Quraishi, however, pointed out that the Holocaust occurred at the hands of the Nazis. 

"We've seen what the Nazis have done to the world: 6 million people were murdered for their religious beliefs, their sexual orientations, their being mentally disabled and physical disabled — I don't think that's a generally peaceful thing," he said.

President Donald Trump speaks about the situation in Charlottesville, Virginia, on Saturday from Trump National Golf Club in Bedminster.

In his first statement on the Charlottesville incident, Trump said "both sides" were to blame for violence at the neo-Nazi rally, before issuing a more forceful statement condemning white supremacists and the Ku Klux Klan on Monday.

In his most recent statements on Tuesday, however, Trump seemed to double-down on his first statement by saying that left-wing groups were just as violent as the white supremacists in Charlottesville.

"He did do good because he did say about the left side that they did have sticks and all and they didn't have permits," he said. "He did do good on that."

Trump's changing statements on Charlottesville prompted many CEOs from major American corporations and unions to leave the American Manufacturing Council and Strategic and Policy Forum. 

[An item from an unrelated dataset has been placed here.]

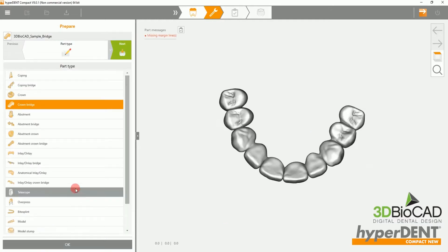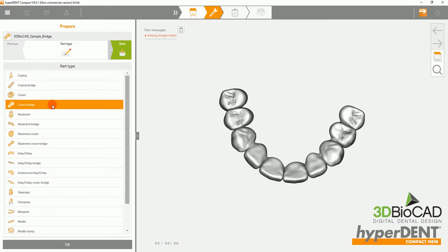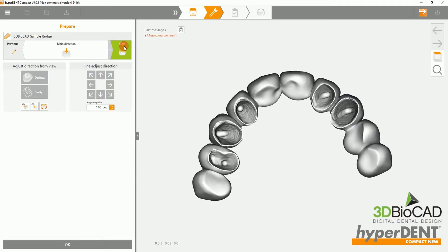Please ensure that you have selected the right part type. Next, you will be setting the milling direction.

Merck, which is based in Kenilworth, left the council Monday because of Trump's initial response to events in Charlottesville. His resignation was followed by the CEOs of Intel and Under Armour, the president of the Alliance for American Manufacturing, the president of the AFL-CIO and the CEO of New Brunswick-based Johnson & Johnson.

Johnson & Johnson Chairman and CEO Alex Gorsky

Quraishi applauded the CEOs who withdrew from Trump's advisory business councils.

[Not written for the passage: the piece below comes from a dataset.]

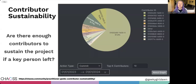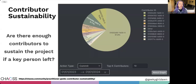Contributor sustainability can help you understand your current contributor situation. If it's like this one on the slide, you really should focus on getting a few more people who can contribute and eventually be moved into leadership roles. You might also find that there are people who are contributing more than you realized, which can help you think about who to encourage to contribute more and maybe find someone who can move into a leadership role like a maintainer role.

"We applaud them for standing up and saying that we, as business leaders of America, don't condone the president's refusal to take a stance on an issue like that," he said.

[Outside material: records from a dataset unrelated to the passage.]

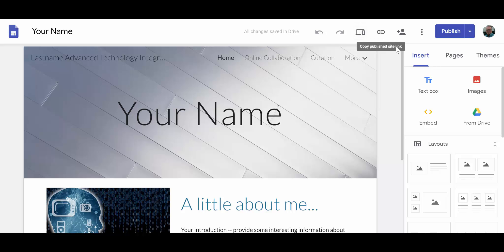When you've finished, clicking on the Publish site carries the same weight as saving the changes that you've made. So when you're ready to do so, click on Publish and publish your website.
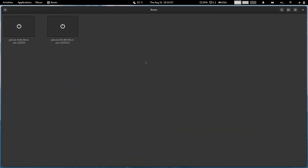Welcome back viewers. In today's video we are going to check out the Garuda MATE desktop, so let us start.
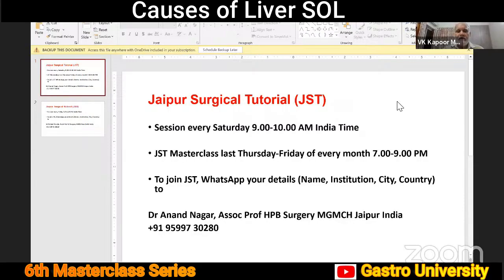Good evening, everyone. Welcome to the sixth masterclass of Jaipur Surgical Tutorial. Jaipur Surgical Tutorial is an online educational activity conducted by the Mahatma Gandhi Medical College Hospital in Jaipur.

The CEOs' and union presidents' resignation is important because it shows that Trump's message is unacceptable to the American people, Quraishi said.

As for the "both sides" to blame, Quraishi said that while he can't speak for the entire New Jersey Conference of the NAACP, his own perspective is that Nazi protesters "have the right to say what they want to say, but the message they're sending is that there is an air of white supremacy in the United States. As a country, we can't condone that message.

"I think he (Trump) definitely should have said something much sooner than he did," Quraishi said. "And once he did make a statement, it was pretty outrageous."

The New Brunswick Area Branch NAACP’s 43nd Annual Freedom Fund Scholarship Luncheon will be held Oct. 8 at First Baptist Church of Lincoln Gardens, 771 Somerset St./Route 27, Somerset.

When it comes to the removal of the Confederate statues, Quraishi said that the history is important to preserve, but what the statues represent is the issue.

"Obviously, these statues are a part of American history and are something that we shouldn't forget," Quraishi said. "They stand for the Confederacy of the United States which, at the time of the Civil War, was pro-slavery. 

Quraishi said he feels that the statues "are an important part of American history and we should never forget that the Civil War happened."

He said that a museum, however, would be more of an appropriate place for Confederate statues, not in town squares and communities.

In a museum, "people can go and learn about these things and realize this should never happen again," he said. "I think having these statues gives these Nazis, white supremacists, neo-Nazis a place to convene."

The NAACP in New Jersey does not have any rallies scheduled, but Quraishi said he is "trying to get put something in the works."

Hitler said that the push for the removal of Confederate statues is not going to sit well with Nazis, neo-Nazis and white supremacists and could cause "a big war."

"There's going to be a lot of rallies coming, let's put it that way," he said.